With instruments payable to bearer, the signature of the payee or holder is unnecessary to pass title to
the instrument. Hence, when the indorsement is a forgery, only the person whose signature is
forged can raise the defense of forgery against holder in due course.

In instruments payable to order, the signature of the rightful holder is essential to transfer title to
the same instrument. When the holder’s signature is forged, all parties prior to the forgery may
raise the real defense of forgery against all parties subsequent thereto. In connection to this, an
indorser warrants that the instrument is genuine. A collecting bank is such an indorser. So
even if the indorsement is forged, the collecting bank is bound by his warranties as an indorser and
cannot set up
the defense of forgery as against the drawee bank.
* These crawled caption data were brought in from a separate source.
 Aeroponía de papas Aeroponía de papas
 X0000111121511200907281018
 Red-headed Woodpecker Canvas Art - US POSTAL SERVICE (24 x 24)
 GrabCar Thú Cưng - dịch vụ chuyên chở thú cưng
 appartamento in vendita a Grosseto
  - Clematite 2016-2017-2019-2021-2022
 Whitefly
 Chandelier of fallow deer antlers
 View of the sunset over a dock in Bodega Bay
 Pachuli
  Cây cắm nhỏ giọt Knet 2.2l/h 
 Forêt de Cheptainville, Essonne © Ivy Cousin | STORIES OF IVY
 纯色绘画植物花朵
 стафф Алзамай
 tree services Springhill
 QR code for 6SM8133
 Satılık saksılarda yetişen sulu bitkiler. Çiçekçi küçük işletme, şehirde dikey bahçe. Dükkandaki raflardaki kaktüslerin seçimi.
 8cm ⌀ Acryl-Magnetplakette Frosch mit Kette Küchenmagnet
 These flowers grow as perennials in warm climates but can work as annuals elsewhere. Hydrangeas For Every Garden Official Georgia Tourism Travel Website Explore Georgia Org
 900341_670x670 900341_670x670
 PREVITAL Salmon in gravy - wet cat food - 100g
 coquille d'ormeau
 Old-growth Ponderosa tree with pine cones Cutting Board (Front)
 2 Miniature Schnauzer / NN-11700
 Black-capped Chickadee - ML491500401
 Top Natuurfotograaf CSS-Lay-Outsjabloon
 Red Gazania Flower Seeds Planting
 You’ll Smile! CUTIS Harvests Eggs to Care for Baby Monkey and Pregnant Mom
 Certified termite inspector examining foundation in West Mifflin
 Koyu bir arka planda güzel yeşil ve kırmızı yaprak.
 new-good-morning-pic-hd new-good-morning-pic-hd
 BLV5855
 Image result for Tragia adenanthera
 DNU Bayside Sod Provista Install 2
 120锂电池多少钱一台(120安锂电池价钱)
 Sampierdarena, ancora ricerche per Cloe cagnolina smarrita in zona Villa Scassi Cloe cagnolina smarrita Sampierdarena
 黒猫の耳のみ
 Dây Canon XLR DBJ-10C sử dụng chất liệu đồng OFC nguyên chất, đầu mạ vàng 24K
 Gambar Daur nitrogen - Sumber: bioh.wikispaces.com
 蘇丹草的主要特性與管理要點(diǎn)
Furthermore, in cases involving checks with forged indorsements, such as the case at bar, the chain
of liability doesn't end with the drawee bank. The drawee bank may not debit the account of
the drawer but may generally pass liability back through the collection chain to the party who took
from the forger and of course, the forger himself, if available. In other words, the drawee bank
can seek reimbursement or a return of the amount it paid from the collecting bank or person. The
collecting bank generally suffers the loss because it has te duty to ascertain the genuineness of
all prior endorsements considering that the act of presenting the check for payment to the
drawee is an assertion that the party making the presentment has done its duty to ascertain the
genuineness of the indorsements.

With regard the issue of delay, a delay in informing the bank of the forgery, which deprives it of
the opportunity to go after the forger, signifies negligence on the part of the drawee bank and will
preclude it from claiming reimbursement. In this case, PNB wasn't guilty of any negligent delay. Its
delay hasn't prejudiced Associated Bank in any way because even if there wasn't delay, the fact
that there was nothing left of the account of Pangilinan, there couldn't be anymore reimbursement.